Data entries

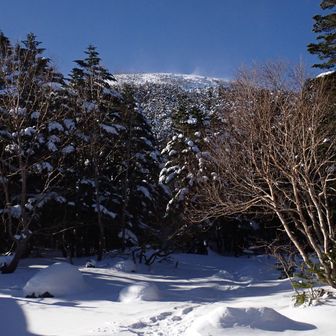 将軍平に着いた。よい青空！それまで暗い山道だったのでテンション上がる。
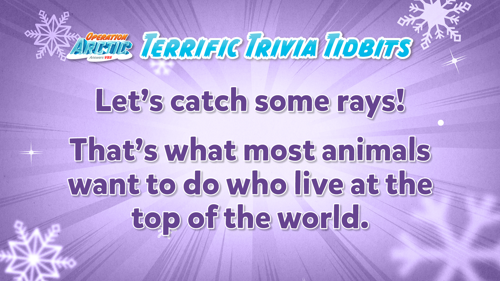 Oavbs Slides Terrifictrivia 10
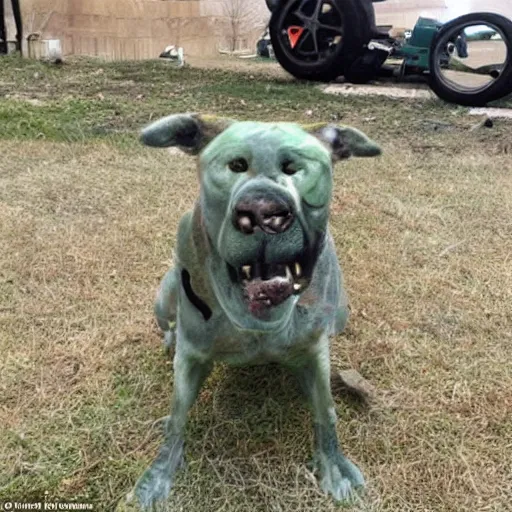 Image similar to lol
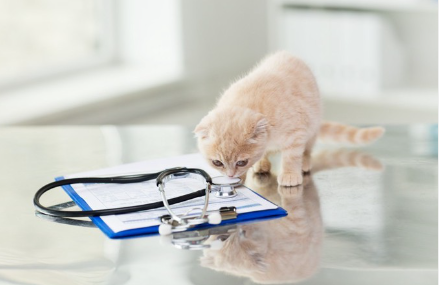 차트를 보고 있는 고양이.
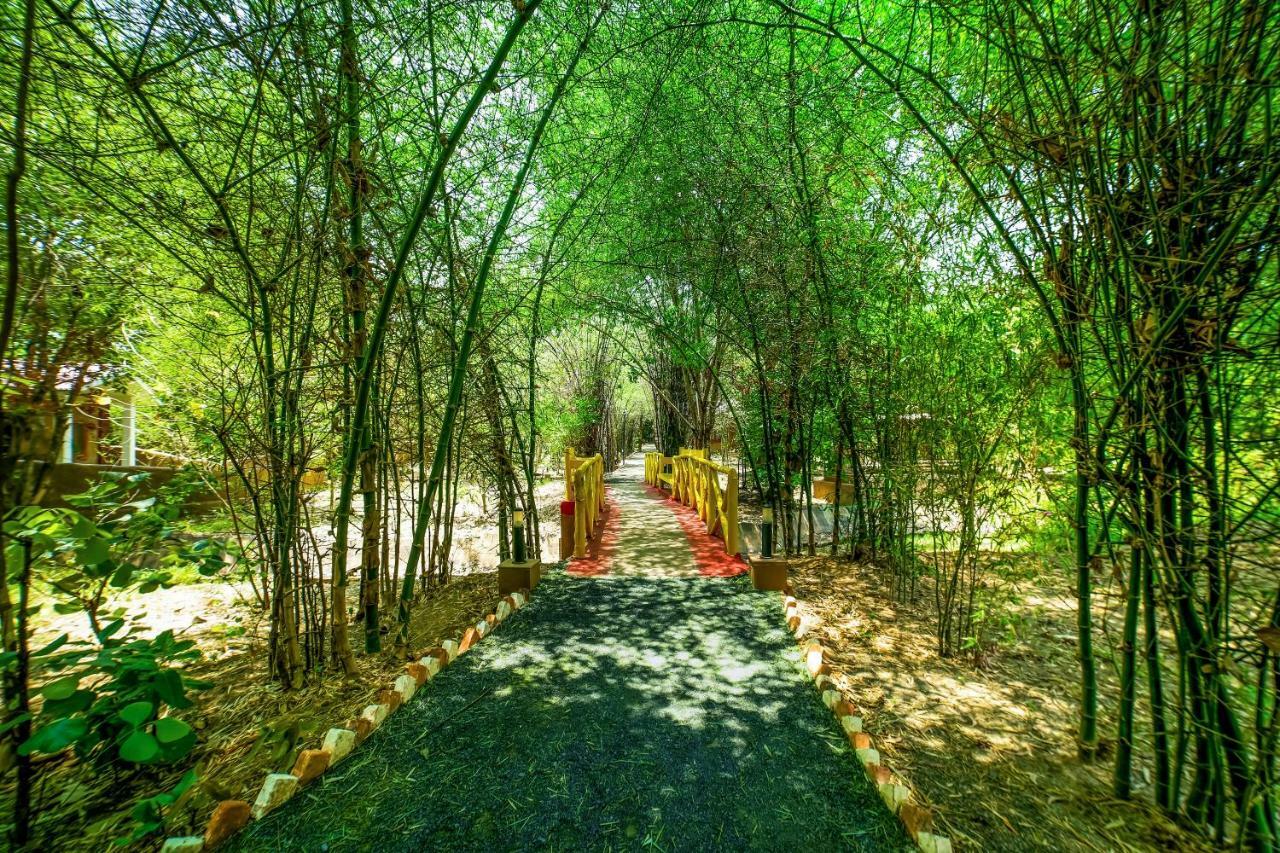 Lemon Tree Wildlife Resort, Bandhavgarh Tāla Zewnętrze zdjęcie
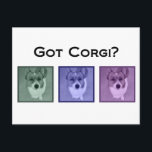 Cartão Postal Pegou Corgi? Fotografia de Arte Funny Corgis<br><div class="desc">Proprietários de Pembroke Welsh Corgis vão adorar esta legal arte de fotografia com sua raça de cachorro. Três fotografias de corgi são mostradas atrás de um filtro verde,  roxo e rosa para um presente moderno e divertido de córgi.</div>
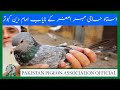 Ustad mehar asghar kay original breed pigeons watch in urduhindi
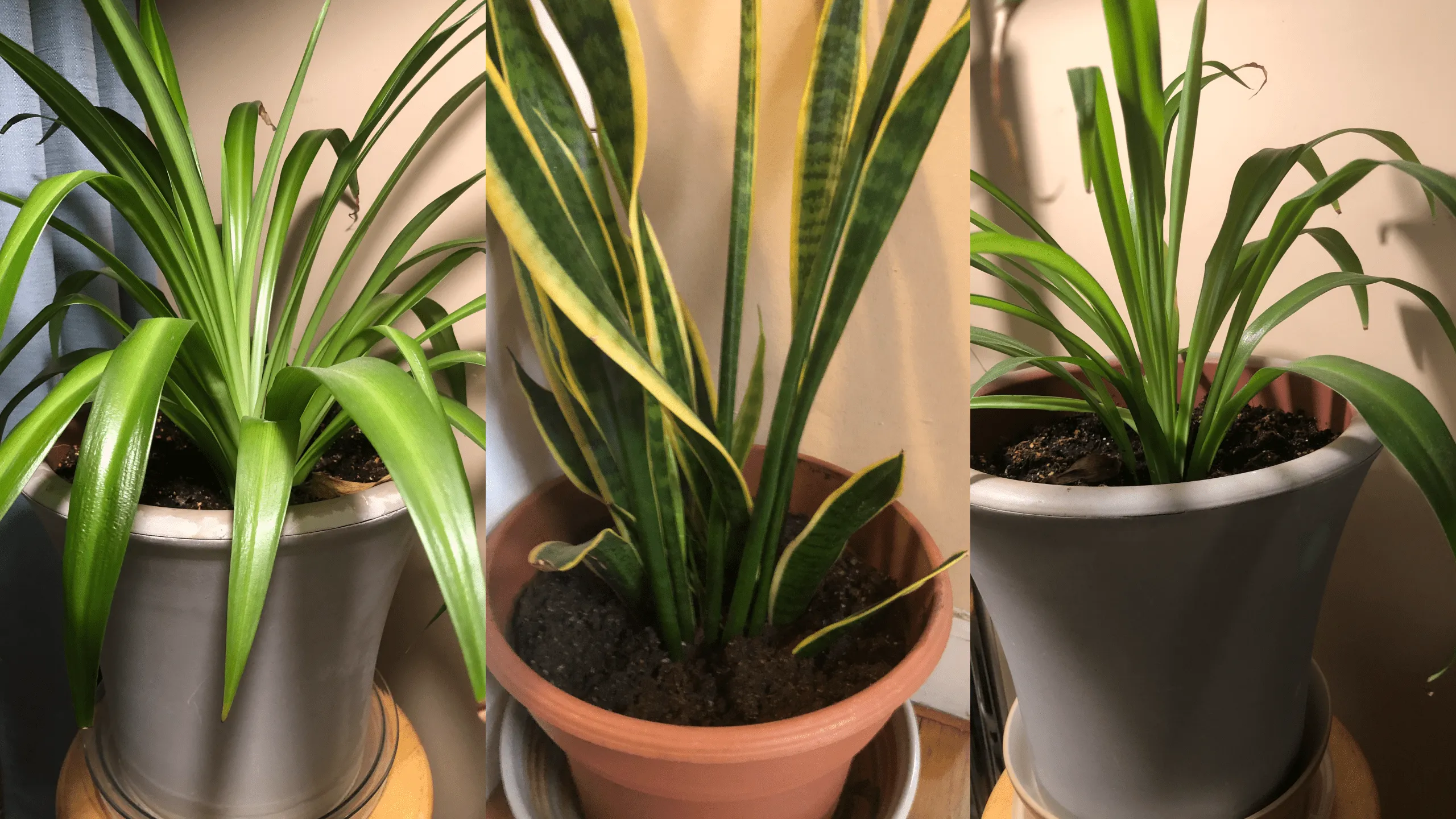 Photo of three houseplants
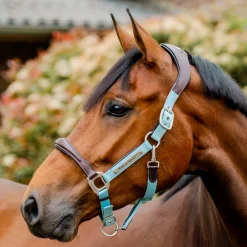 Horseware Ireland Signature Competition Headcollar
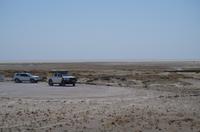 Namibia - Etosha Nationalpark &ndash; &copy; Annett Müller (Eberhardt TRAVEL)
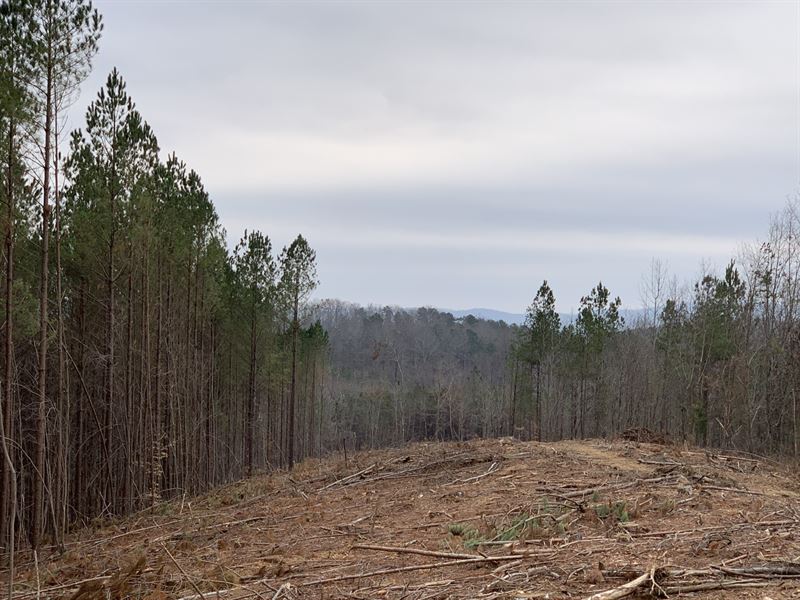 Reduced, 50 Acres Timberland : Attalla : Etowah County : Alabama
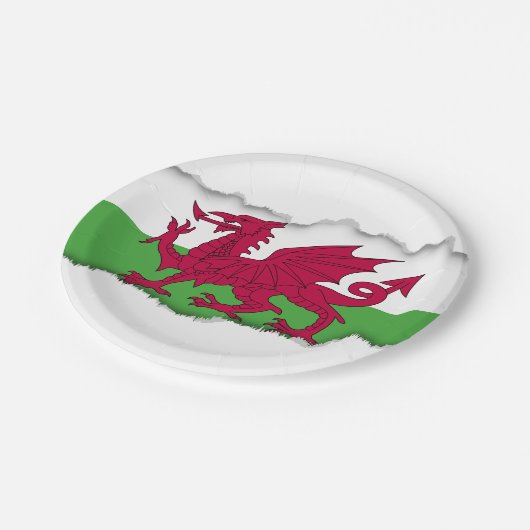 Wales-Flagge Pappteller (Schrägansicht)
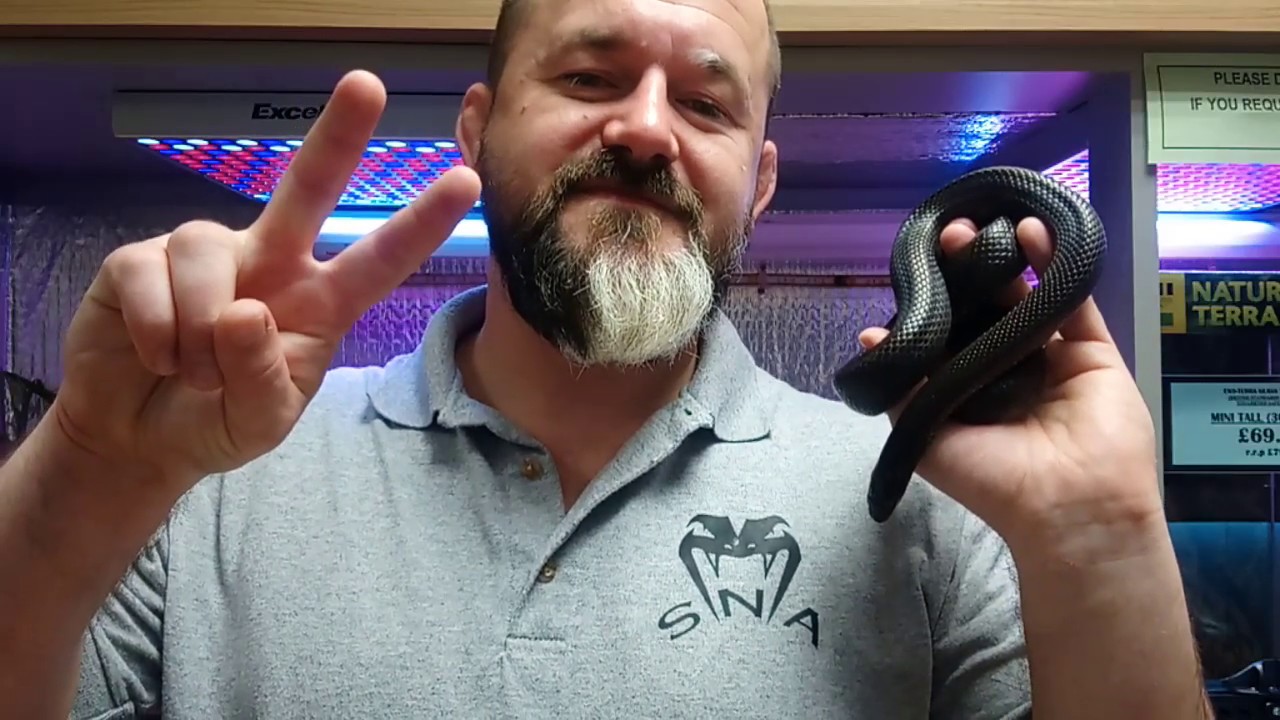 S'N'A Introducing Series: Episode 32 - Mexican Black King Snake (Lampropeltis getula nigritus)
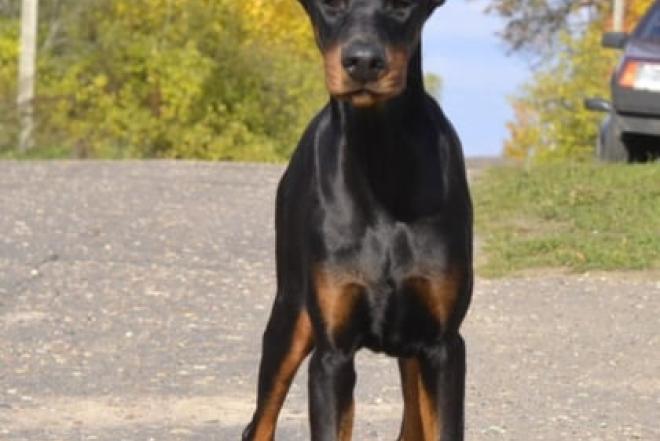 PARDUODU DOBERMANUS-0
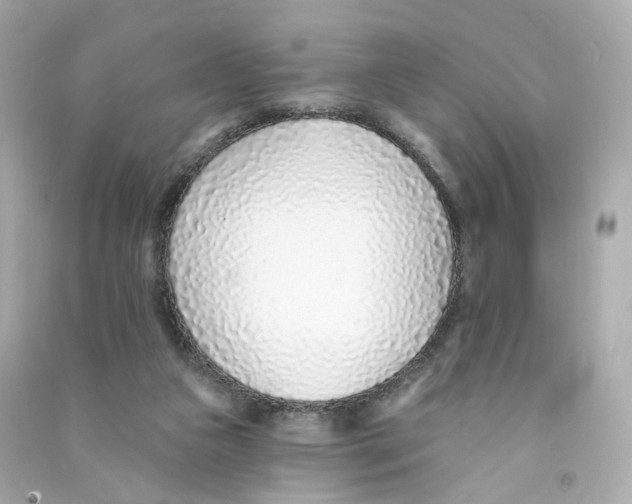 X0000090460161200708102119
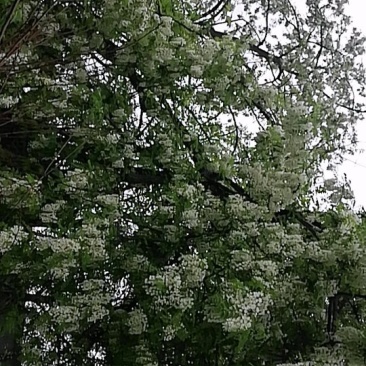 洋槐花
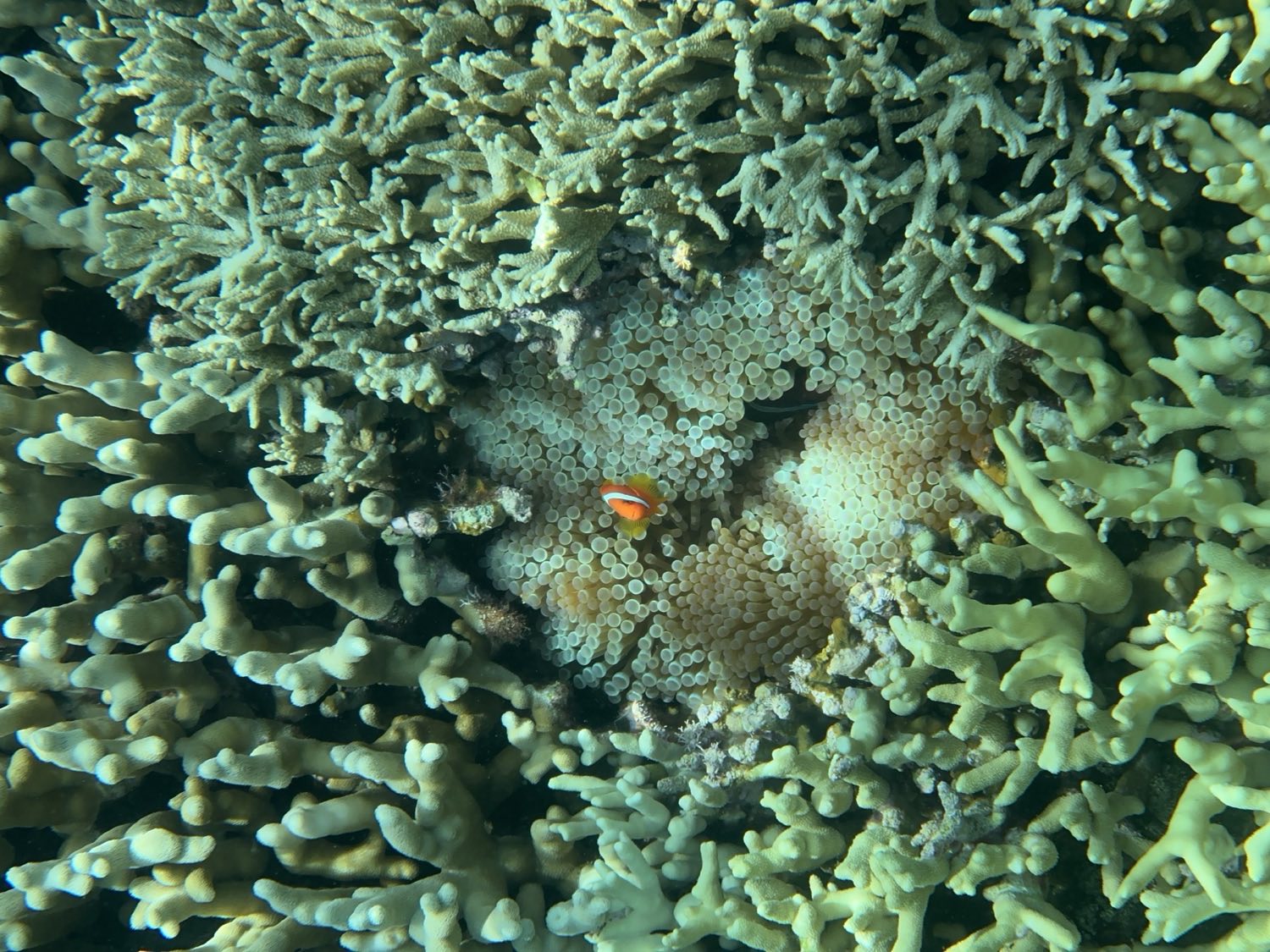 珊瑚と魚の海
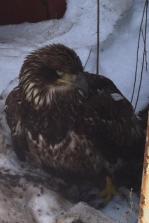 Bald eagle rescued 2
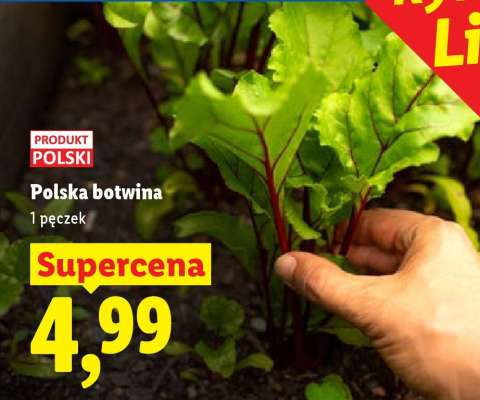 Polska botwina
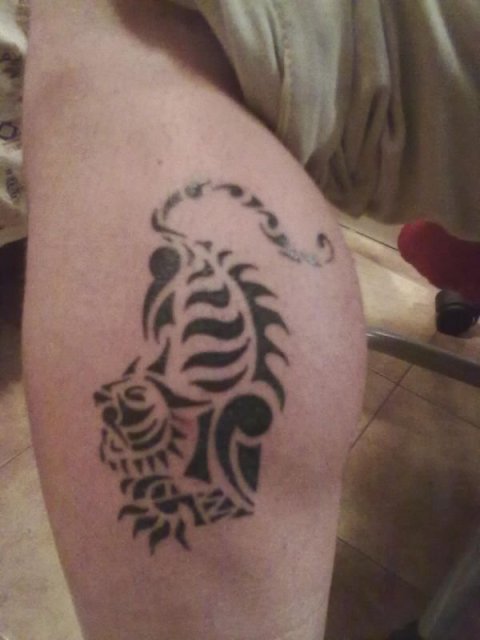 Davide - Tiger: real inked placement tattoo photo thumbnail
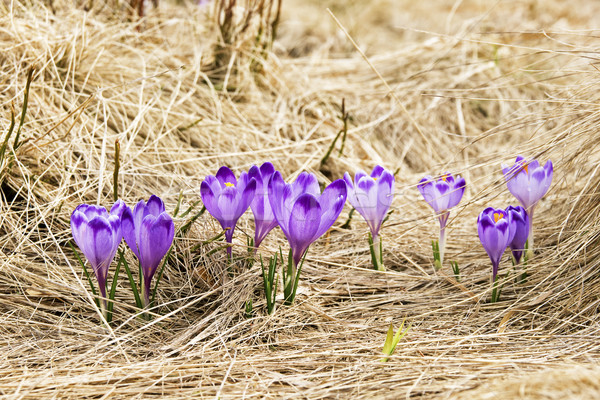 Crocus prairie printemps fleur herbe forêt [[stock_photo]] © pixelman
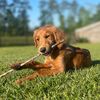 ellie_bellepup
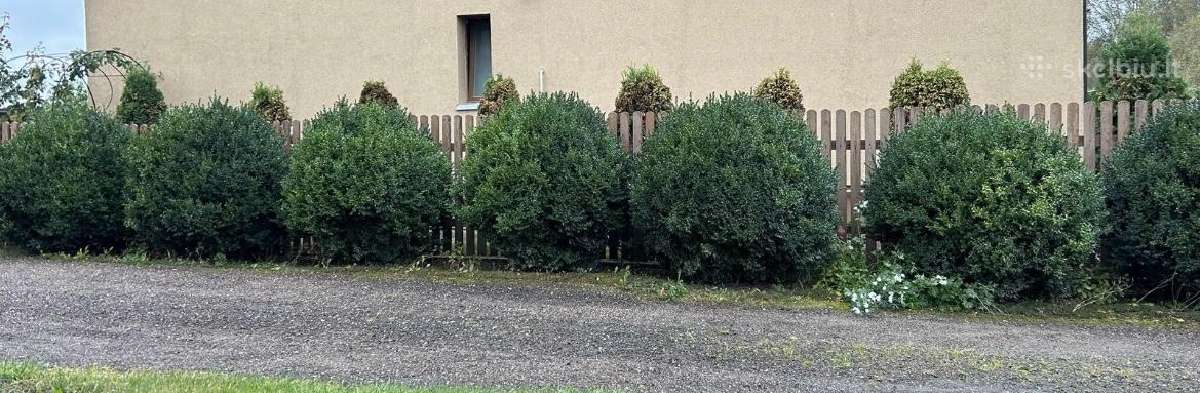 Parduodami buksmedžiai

### Your goal
Copy the final stretch of lines, starting at the one that holds "X0000090460161200708102119" and ending at the last line of the data, exactly; omit pictures.

### Solution to the problem
 X0000090460161200708102119
 洋槐花
 珊瑚と魚の海
 Bald eagle rescued 2
 Polska botwina
 Davide - Tiger: real inked placement tattoo photo thumbnail
 Crocus prairie printemps fleur herbe forêt [[stock_photo]] © pixelman
 ellie_bellepup
 Parduodami buksmedžiai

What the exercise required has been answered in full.